Crickets began to chirp. A rooster from a nearby farm house
begin to crow several times. And there was a full 360 degree
sunset-like appearance on the horizon, where every bit of the
horizon sky was red and pink. Several people in our group
took full 360 panoramic views of that horizon.
 
As the eclipse was approaching, and after it was leaving, the
trees left eclipse shaped sun areas on the ground. A lot of
people here in Indiana reported seeing that as they were not
in the band of totality, but only saw a partial eclipse of
about 85% or so.
 
It all went by so quick. We each stood there at the church
in full amazement at the moment, what we were seeing, and also
what we were feeling. It brought us all to elation, like the
biggest smiles and happiest faces. We all commented on how
there was so much going on that it was overwhelming. We really
needed to hit the rewind button and go back and experience it
over again and again to take it all in.
 
-----
I've never experienced anything like it. I went to England in
1996, and I drive through western Canada and Alaska in 2002.
Apart from some other driving trips those are the big ones I
can remember.
 
This event surpasses the England trip, and is on par with the
Alaska trip, though the Alaska trip was ~20 days and we saw so
much more, and this was only a two-day event to drive down,
witness the eclipse, and drive back.
 
There's another solar eclipse in the USA on Apr.08.2024. It
will extend from Texas through to Maine. It passes right
through Indianapolis and I live about as close to the center
band of eclipse totality for this next eclipse trek as we were
there near Princeton, KY on this one.
 
It's nearly seven years away, but I would suggest reserving plans
in the back of your mind to witness this event. And if you live
in another nation and have the opportunity, go and see your local
eclipse in the band of totality. It's an experience you'll never
forget, and it is deeply moving on so many levels (its raw beauty,
the sense of awe it inspires, and there are emotional and spiritual
components as you look up and see this massive thing in the uni-
verse where, for a moment, you are able to realize how small you
truly are, and how big God's creation truly is).
 
I recommend it for everybody from young kids to aged adults.
The range of ages we saw there was around retirement, and down
to probably six years old with the grandkids.
 
My son was 13 years old when he saw this one.
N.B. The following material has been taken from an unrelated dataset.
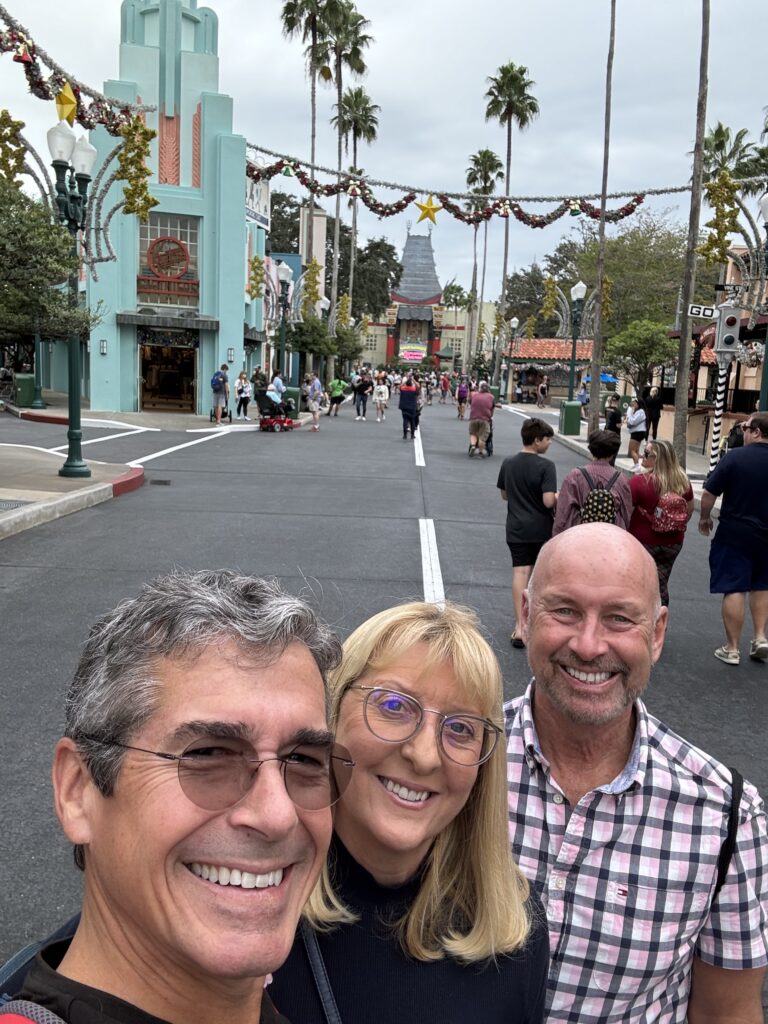 Three adults in a Disney theme park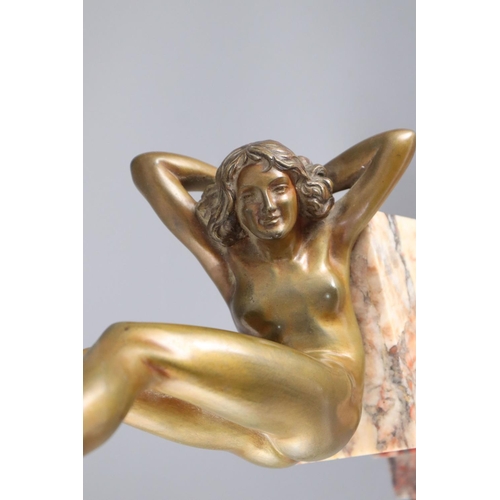 55 - Claire Jeanne Roberte Colinet (1880–1950) - an Art Deco patinated bronze figure of a naked hoop danc...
He'll be 20 on
the next one (James 4:15 "Lord willing"). If we're able to see
it, it will be exciting for him to see how the two compare with
two different sets of age-group eyes and understandings.
 
Thank you,
Rick C. Hodgin
Jorgen Grahn <grahn+nntp@snipabacken.se>: Aug 22 05:57PM

On Tue, 2017-08-22, Rick C. Hodgin wrote:
> I had a chance to drive from Indianapolis, IN to Princeton, KY
> and see the solar eclipse in the band of full totality.
[...]
 
Completely offtopic, but that hasn't stopped you before, and it was
well written. Thanks, I think.
 
/Jorgen
 
--
// Jorgen Grahn <grahn@ Oo o. . .
\X/ snipabacken.se> O o .
"Rick C. Hodgin" <rick.c.hodgin@gmail.com>: Aug 22 02:32PM -0400

On 8/22/2017 1:57 PM, Jorgen Grahn wrote:
> [...]
 
> Completely offtopic, but that hasn't stopped you before, and it was
> well written. Thanks, I think.
 
I'm still moved by it today. It's occupied my thinking. I keep
reflecting back on moments. The one that stands out the most was
seeing the sun like this:
 

https://i.cbc.ca/1.3084197.1432321306!/fileImage/httpImage/image.jpg_gen/derivatives/16x9_620/solar-eclipse.jpg
 
Of all the images I saw on the first page of Google Images,
that's about the most accurate to what I saw in real life.
I wasn't in snow though, the view from where I saw it was
almost directly overhead. It occurred at 1:20pm or so local
time, and the sky was completely clear.
 
The sky looked like this. You could see some stars, but not
all. And the horizon went around a lot like this, though it
was somewhat different:
 

https://s-media-cache-ak0.pinimg.com/736x/63/a9/94/63a994fd0126f3357bdf4a2e0b50b38f.jpg
 
Maybe a little more like this because the sun was directly
overhead and not low on the horizon, so the effect was the
same all the way around:
 

https://cdn.geekwire.com/wp-content/uploads/2017/06/170626-alaska-eclipse-630x447.jpg
 
And this final link is where we were. You can look at the
Google Street View to see the view I had. It's quite accurate.
Those trees in the front of the church had their eclipsed-sun-
shaped shadows cast not only onto the ground and sidewalk, but
also onto the bricks on the church building, where their effect
was elongated and very pronounced.
 
When the eclipse reached about 95%, the light on the church
sign turned on. :-)
 
https://www.google.com/maps/@37.0352837,-87.9074522,439m/data=!3m1!1e3
 
I just can't over how impressive it was. It's left a real
mark on my family.
 
Thank you,
Rick C. Hodgin
Mr Flibble <flibbleREMOVETHISBIT@i42.co.uk>: Aug 22 09:23PM +0100

On 22/08/2017 17:17, Rick C. Hodgin wrote:
[snip]
> components as you look up and see this massive thing in the uni-
> verse where, for a moment, you are able to realize how small you
> truly are, and how big God's creation truly is).
[snip]
But the world is flat according to the Bible yes? Rick, fuck off; until
you stop posting religious shite I am not interested in your
non-religious posts including those about C++.
 
/Flibble
"Rick C. Hodgin" <rick.c.hodgin@gmail.com>: Aug 22 04:37PM -0400

On 8/22/2017 4:23 PM, Mr Flibble wrote:
>> truly are, and how big God's creation truly is).
> [snip]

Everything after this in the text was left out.